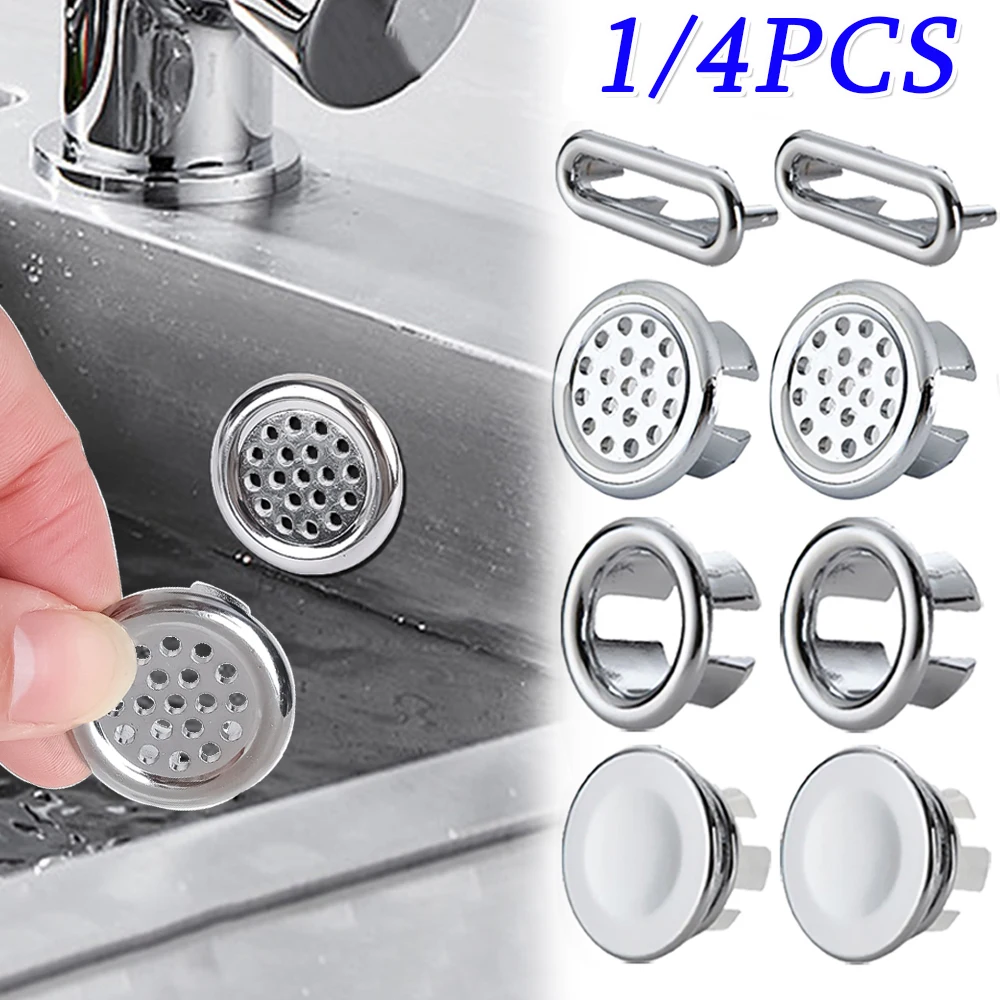 1/4Pcs Sink Hole Overflow Cover Basin Trim Bath Sink Holes Drain Cap Replacement Bathroom Wash Basin Hollow Overflow Rings Plug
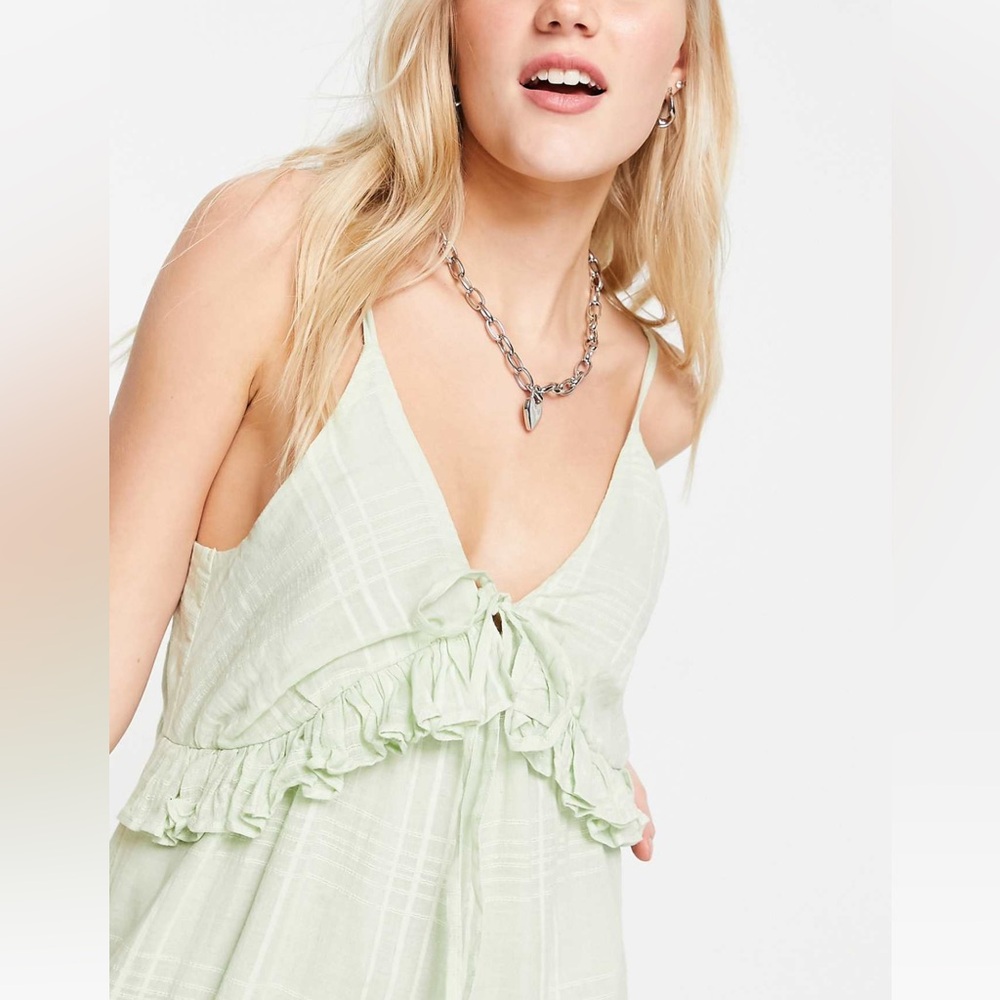 ASOS Design Mint Green Ruffle Jumpsuit - Picture 3 of 6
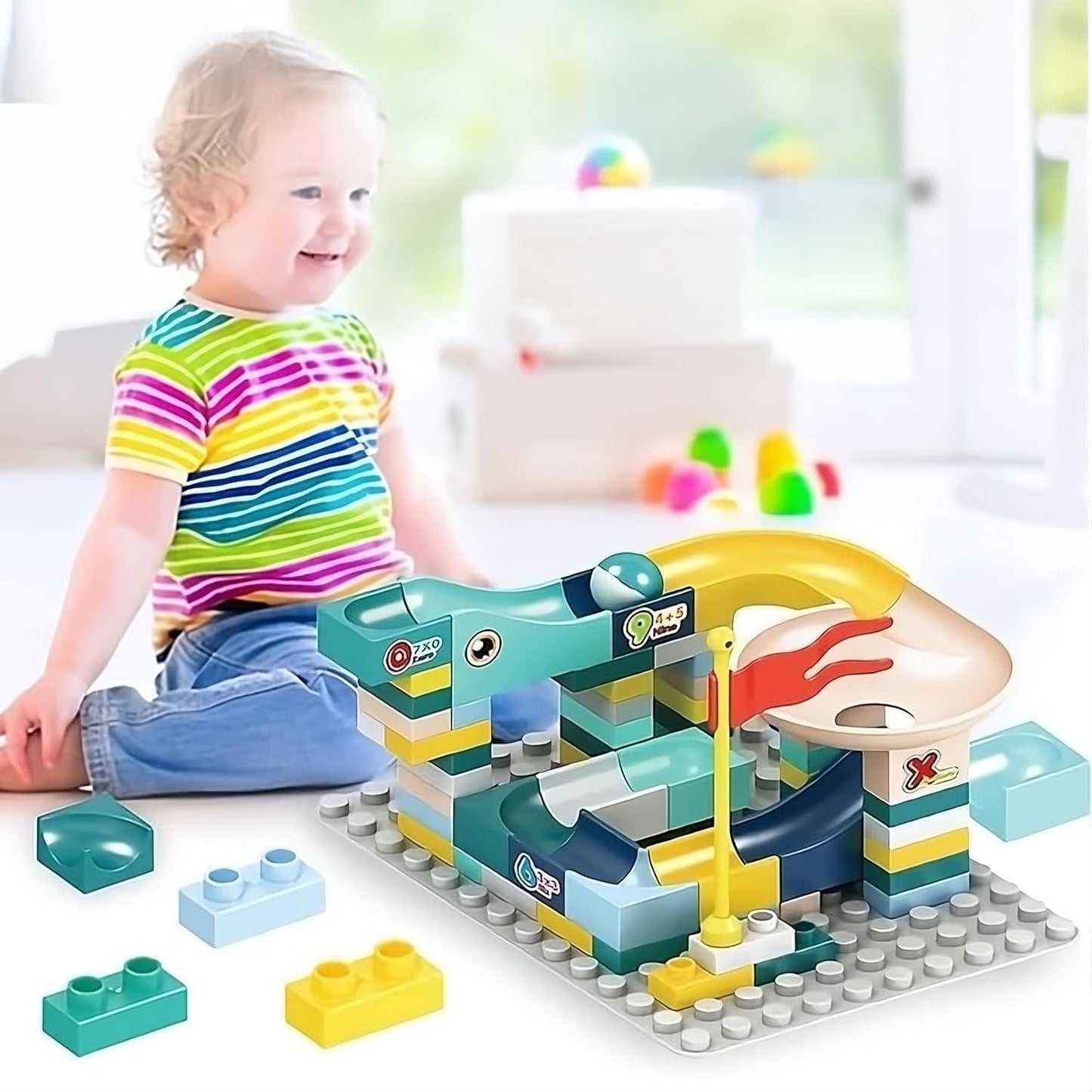 66 PCS Sliding Track Blocks with Ball - Variable Sliding Marble Race Building Blocks Toy for Kids | Fun 66 PCS Set of Sliding Track Blocks for Creative Play & Building Exciting Marble Races - Toy Temple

§ Action item:
The expected output is the material above, repeated exactly and free of pictures.

§ Reply to the task:
 1/4Pcs Sink Hole Overflow Cover Basin Trim Bath Sink Holes Drain Cap Replacement Bathroom Wash Basin Hollow Overflow Rings Plug
 ASOS Design Mint Green Ruffle Jumpsuit - Picture 3 of 6
 66 PCS Sliding Track Blocks with Ball - Variable Sliding Marble Race Building Blocks Toy for Kids | Fun 66 PCS Set of Sliding Track Blocks for Creative Play & Building Exciting Marble Races - Toy Temple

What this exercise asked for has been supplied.